TASK TO COMPLETE: Would you please repeat exactly the entries below, starting at the line with "Cut and hang" and ending at the line with "Hey guys, it's", and nothing outside that range? Leave out the pictures.

RECORDS SUPPLIED:
..............................
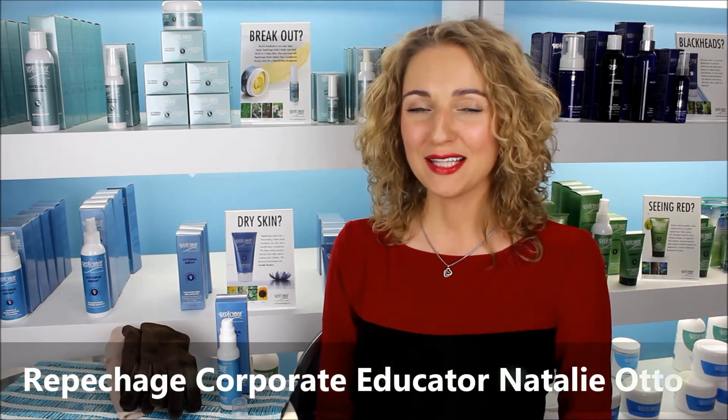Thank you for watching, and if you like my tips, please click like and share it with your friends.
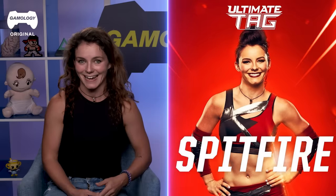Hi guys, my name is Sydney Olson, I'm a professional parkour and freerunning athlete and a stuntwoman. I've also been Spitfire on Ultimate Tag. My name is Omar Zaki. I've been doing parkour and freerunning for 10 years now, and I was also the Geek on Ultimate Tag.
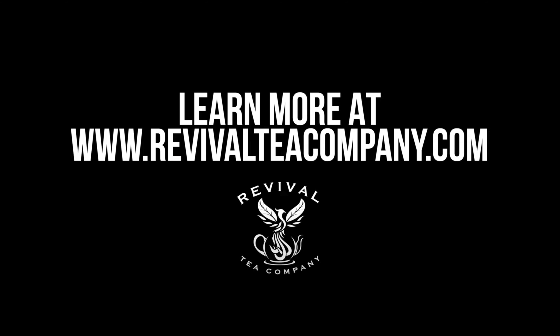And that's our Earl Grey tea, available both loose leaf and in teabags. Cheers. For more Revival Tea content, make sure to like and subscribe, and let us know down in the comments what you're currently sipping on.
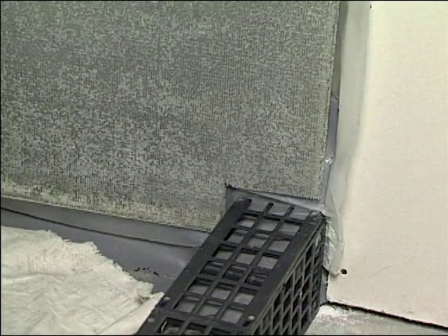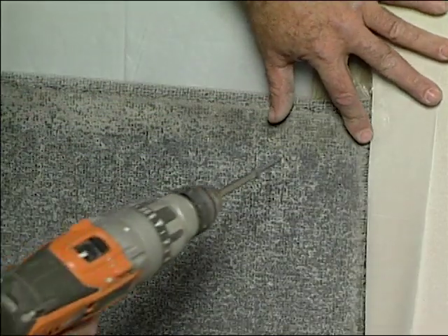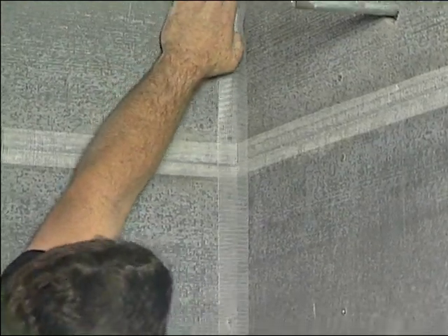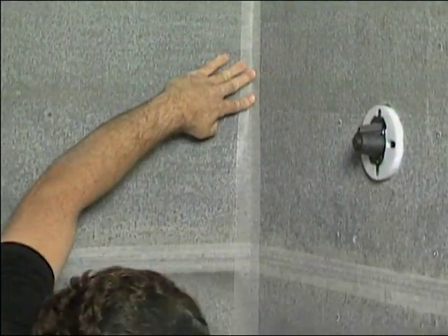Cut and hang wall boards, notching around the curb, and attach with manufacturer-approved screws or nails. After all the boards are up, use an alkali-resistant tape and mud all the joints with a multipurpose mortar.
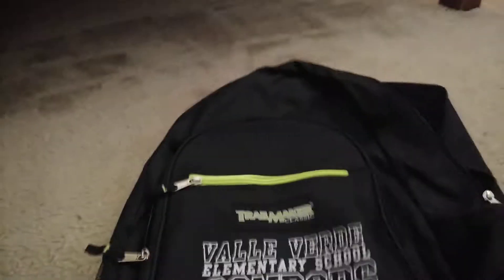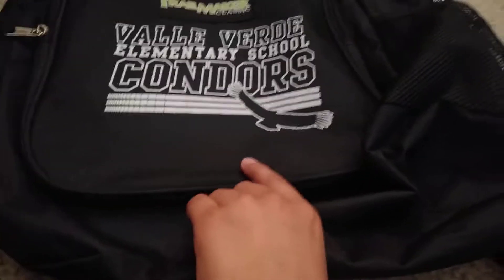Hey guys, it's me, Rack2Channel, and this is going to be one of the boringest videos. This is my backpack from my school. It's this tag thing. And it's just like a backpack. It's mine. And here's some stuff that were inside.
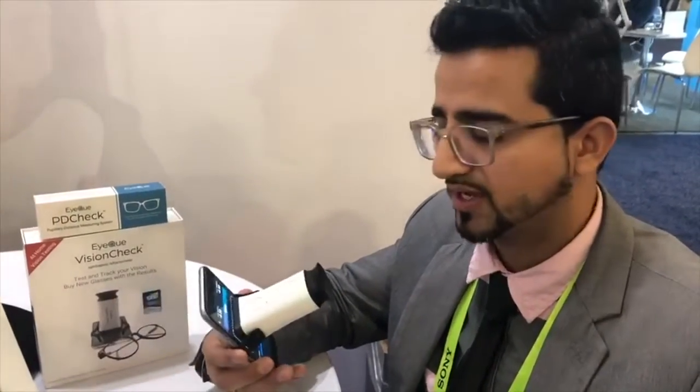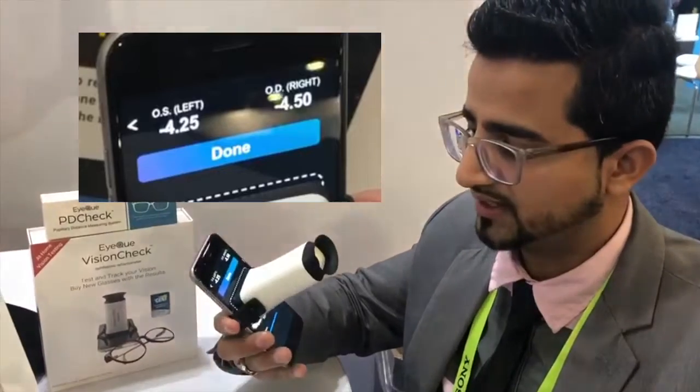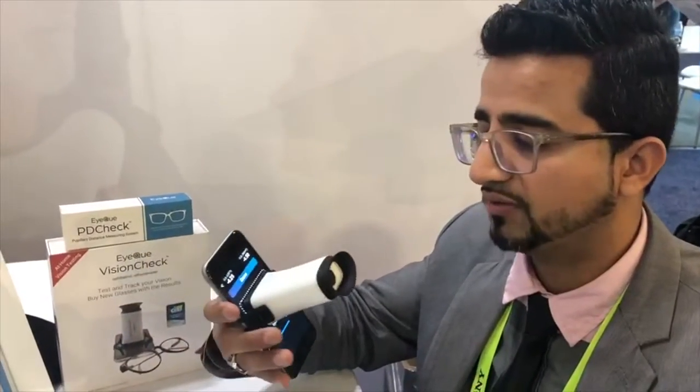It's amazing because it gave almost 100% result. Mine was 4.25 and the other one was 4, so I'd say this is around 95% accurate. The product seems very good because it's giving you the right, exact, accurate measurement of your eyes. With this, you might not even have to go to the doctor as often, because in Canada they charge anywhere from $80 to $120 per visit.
..............................
EXERCISE OUTPUT:
Cut and hang wall boards, notching around the curb, and attach with manufacturer-approved screws or nails. After all the boards are up, use an alkali-resistant tape and mud all the joints with a multipurpose mortar.
Hey guys, it's me, Rack2Channel, and this is going to be one of the boringest videos. This is my backpack from my school. It's this tag thing. And it's just like a backpack. It's mine. And here's some stuff that were inside.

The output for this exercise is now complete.